Example 5 - Find devices missing specific config

This is similar to example 4, except here we want to know which devices miss specified config line. Again, very handy for conducting configuration audits. Displaying of file names without match is enabled by using grep with '-L' option.

[przemek@quasar configs]$ grep -L 'no ip domain lookup' *
optimistic_nightingale.cfg
stoic_davinci.cfg

Example 6 - Find number of occurrences of given config item

Depending on the hardware there might be limitations on the number of configured instances of given feature. By crafting simple grep and piping output to another Unix tool, called wc, we can quickly arrived at the number of occurrences of given element. Option -l (lower case L) tells wc to display number of lines only. By default wc shows number of lines, words, and characters.

[przemek@quasar configs]$ grep 'ip access-list extended' dazzling_brattain.cfg | wc -l
49

Example 7 - Find all configured VLANs

Let's talk about something a bit more complex, that appears simple at first. We compose naïve regex for matching lines with vlan ids, 'vlan', and run it against config file:

[przemek@quasar configs]$ grep 'vlan' zen_snyder.cfg
switchport access vlan 150
switchport trunk allowed vlan
switchport trunk native vlan

Right, this didn't work quite as expected. We need to be more strict with our regex. We know that config line will look like 'vlan <1-4095>' so let's try composing regex that matches that.

'^vlan [0-9]{1,4}$'

A little breakdown of the above regex:

  • ^ - start from the beginning of the line (no spaces or other preceding characters)
    'vlan ' - literal word 'vlan' followed by space
  • [0-9]{1,4} - digit from 0 to 9, between 1 and 4 times
  • $ - end of the line, so no characters allowed after last digit match

Strictly speaking this could also match VLANs with invalid ID, like 9501 or 0001, but we know that this should never show up in the config so it's ok to use it here.

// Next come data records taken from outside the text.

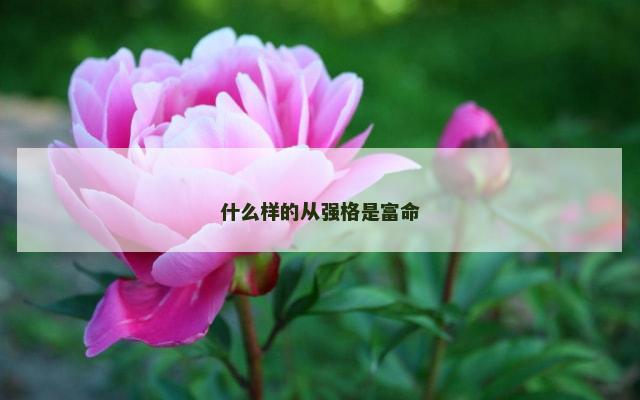 什么样的从强格是富命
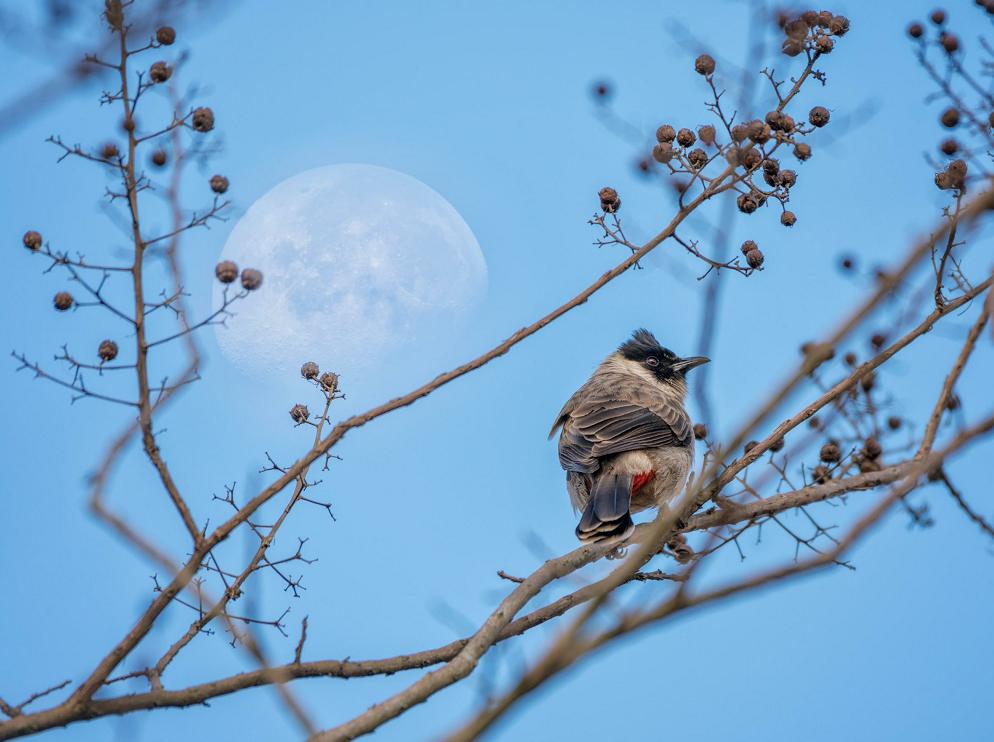 「生态」我在恩平很幸福
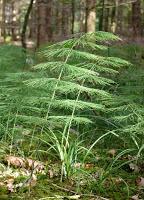 Ottobre e prevenzione: coda cavallina o equiseto per le ossa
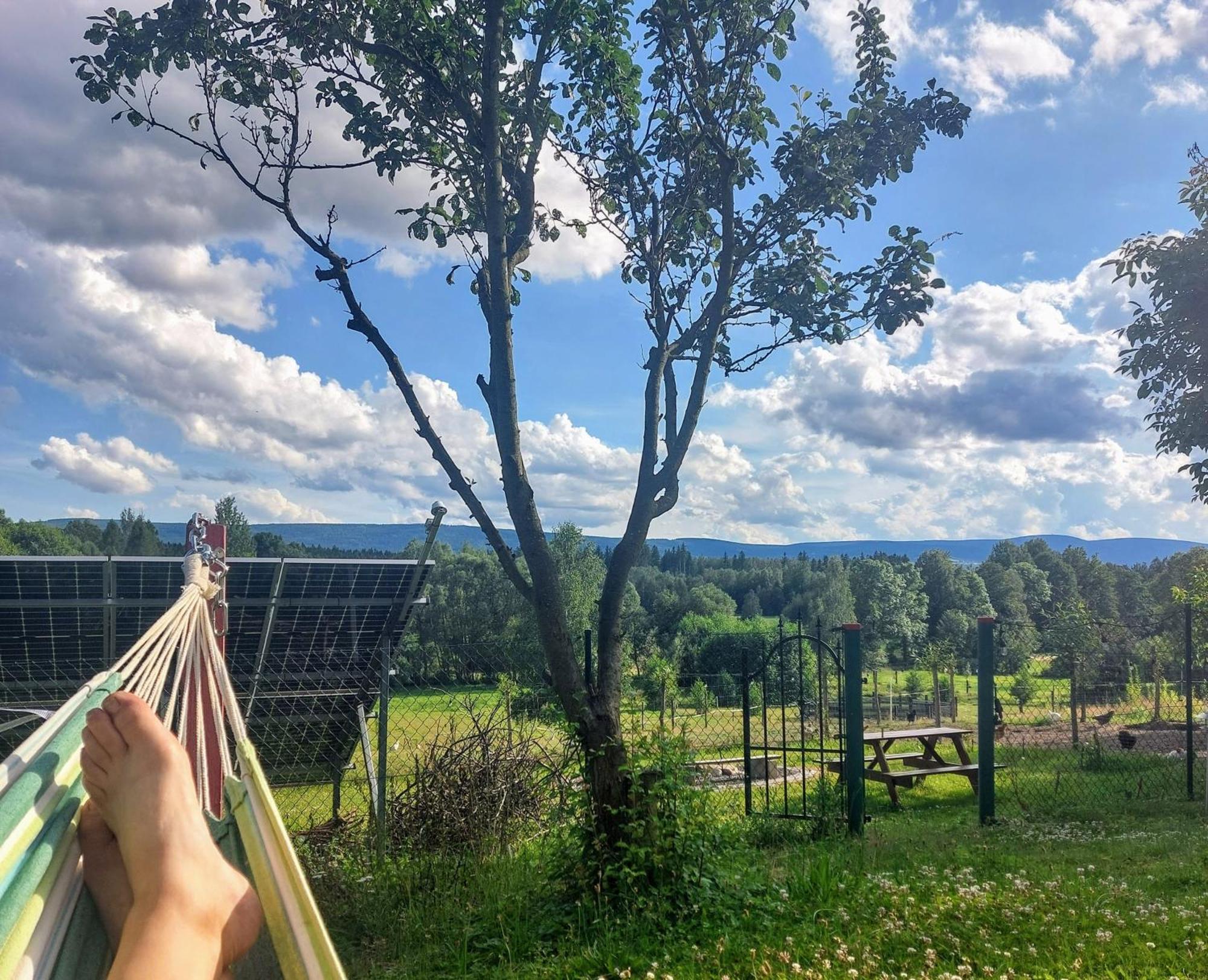 Maja Pokoje Z Widokiem Kameralna Agroturystyka Na Pogorzu Izerskim Z Sauna I Jacuzzi (Adults Only) Mirsk Eksteriør bilde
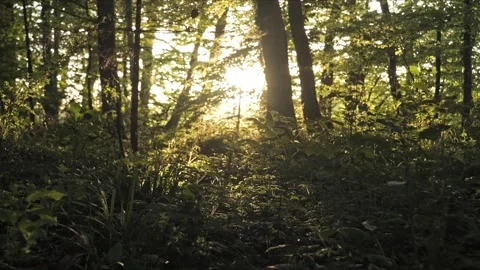 Forest in sunlight, backlight and parallax camera motion, 4K Stock-Footage 320157346
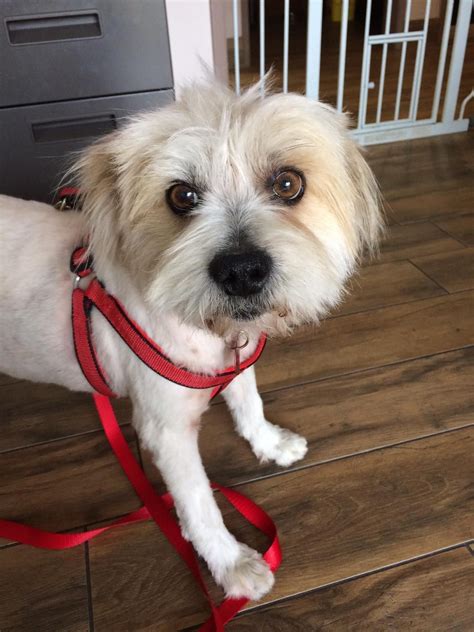 Adopt Ernie On Petfinder Lhasa Apso Adoption Animals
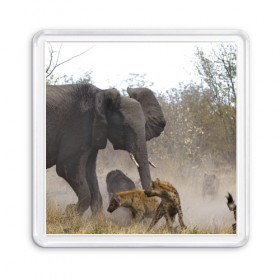 Магнит 55*55 с принтом Гиены охотятся на слона в Тюмени, Пластик | Размер: 65*65 мм; Размер печати: 55*55 мм | африка | африканский | бивни | большой | гигант джунгли | гиены | индийский | индия | лесной великан | мамонт | огромный | охота | саванна | сафари | серый | слон | слониха | стадо | уши | хобот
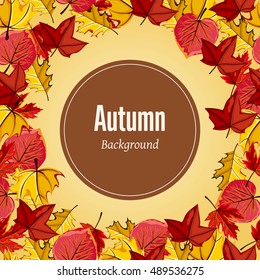 Autumn leaves fall on border vector illustration. Background with hand drawn autumn leaves. Design elements.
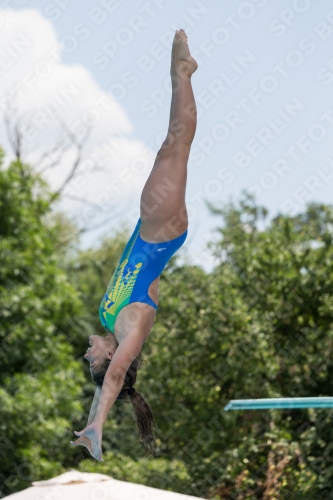 2017 - 8. Sofia Diving Cup 2017 - 8. Sofia Diving Cup 03012_19703.jpg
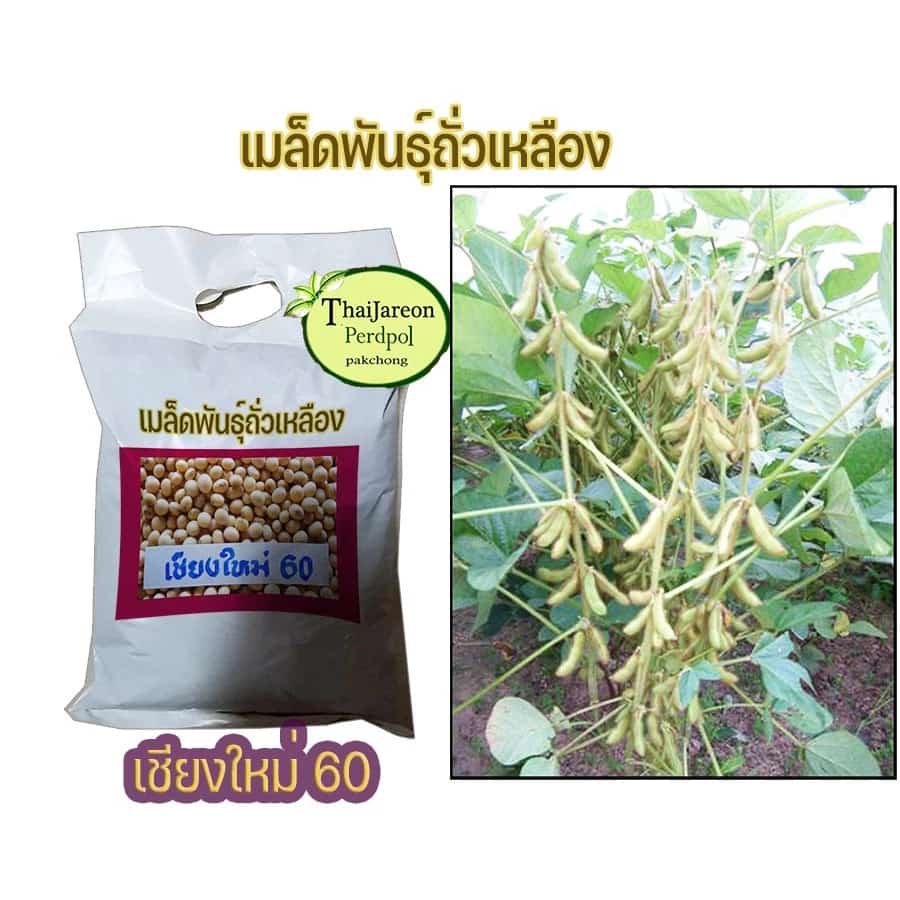 เมล็ดพันธุ์ถั่วเหลืองพันธุ์เชียงใหม่ 60 ขายตามน้ำหนัก ถั่วแระไทย…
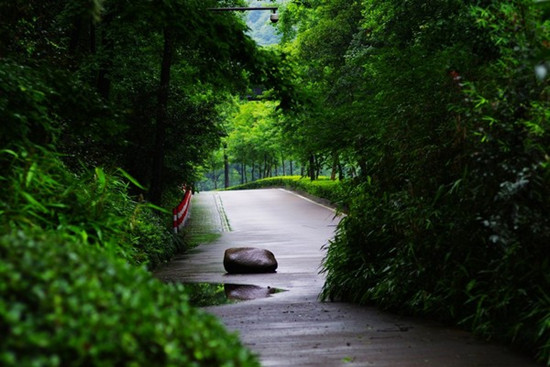 һ���ˣ�һ�����������������M�r�g&mdash;&mdash;����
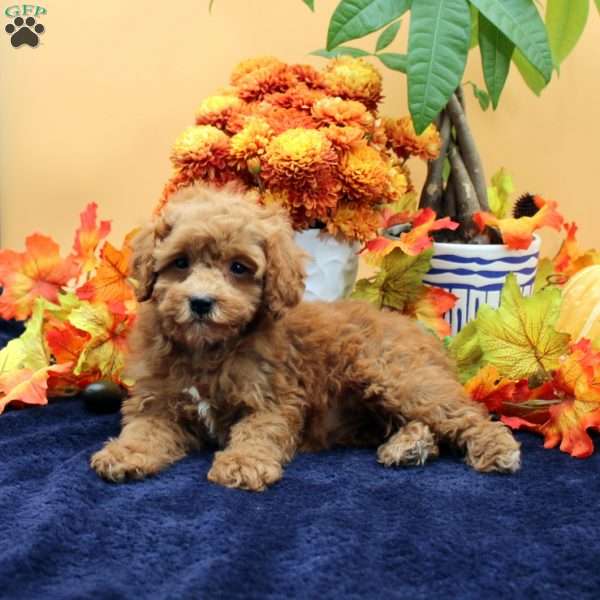 Bambi, Miniature Poodle Puppy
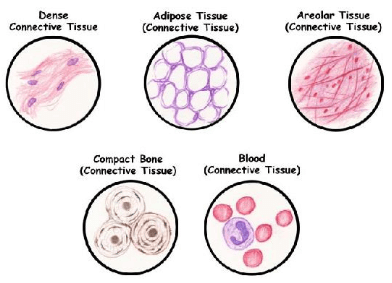 Animal Tissue, Skeletal System | Science & Technology for UPSC CSE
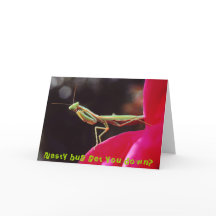 扱いにくい虫はおろしますか。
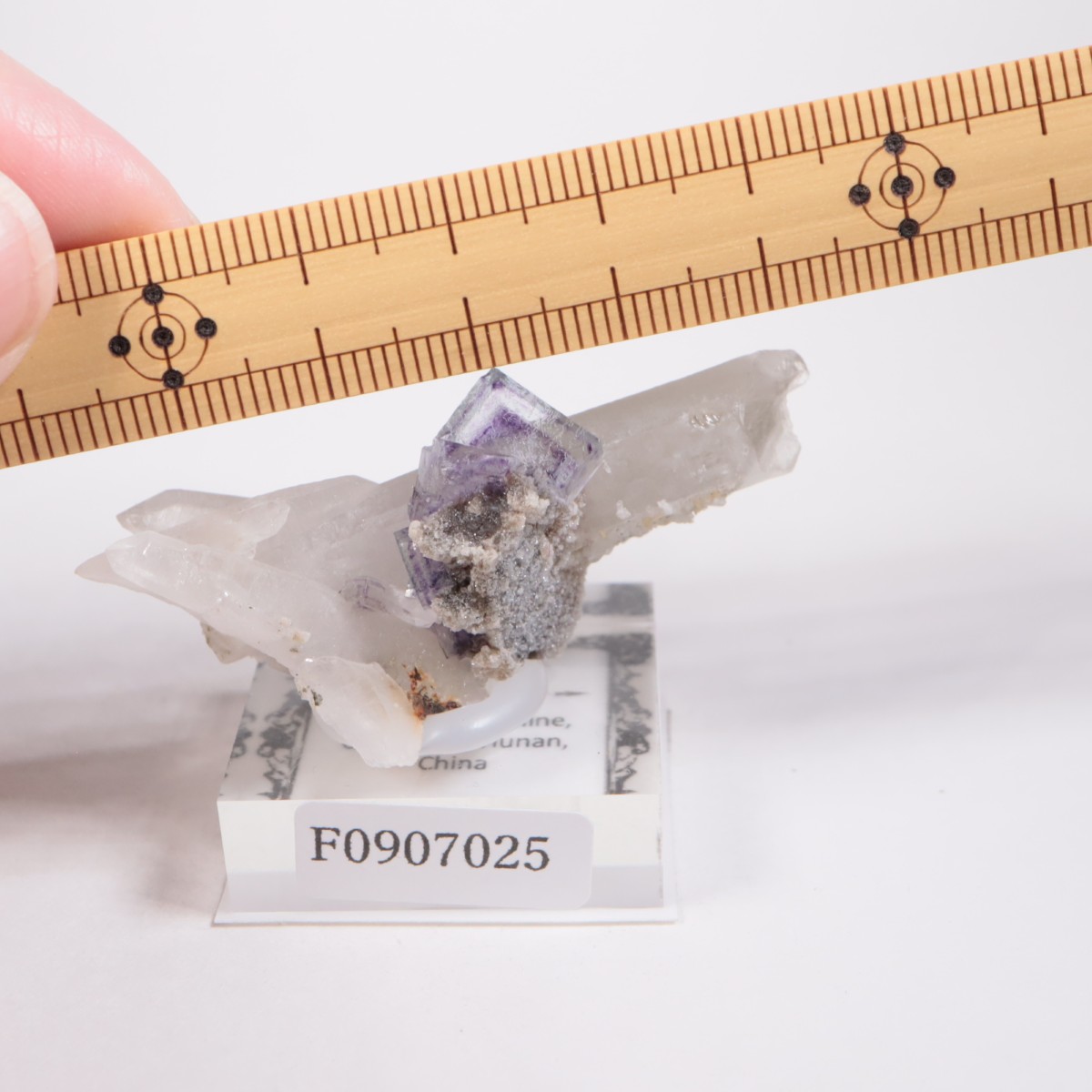 �䥪���󥷥��ۻ� �ե����饤��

I'm using grep with -E flag here to enable extended regular expressions, without it we'd have to escape some of the metacharacters.

[przemek@quasar configs]$ grep -E '^vlan [0-9]{1,4}$' zen_snyder.cfg
vlan 10
vlan 150
vlan 160
vlan 170
vlan 180
vlan 195
vlan 2001
vlan 2002

Looking better now, we have all of the vlans. This might be, or might not, be useful. What if we want to extract names instead of VLAN IDs? We'll see how to do it in Example 8.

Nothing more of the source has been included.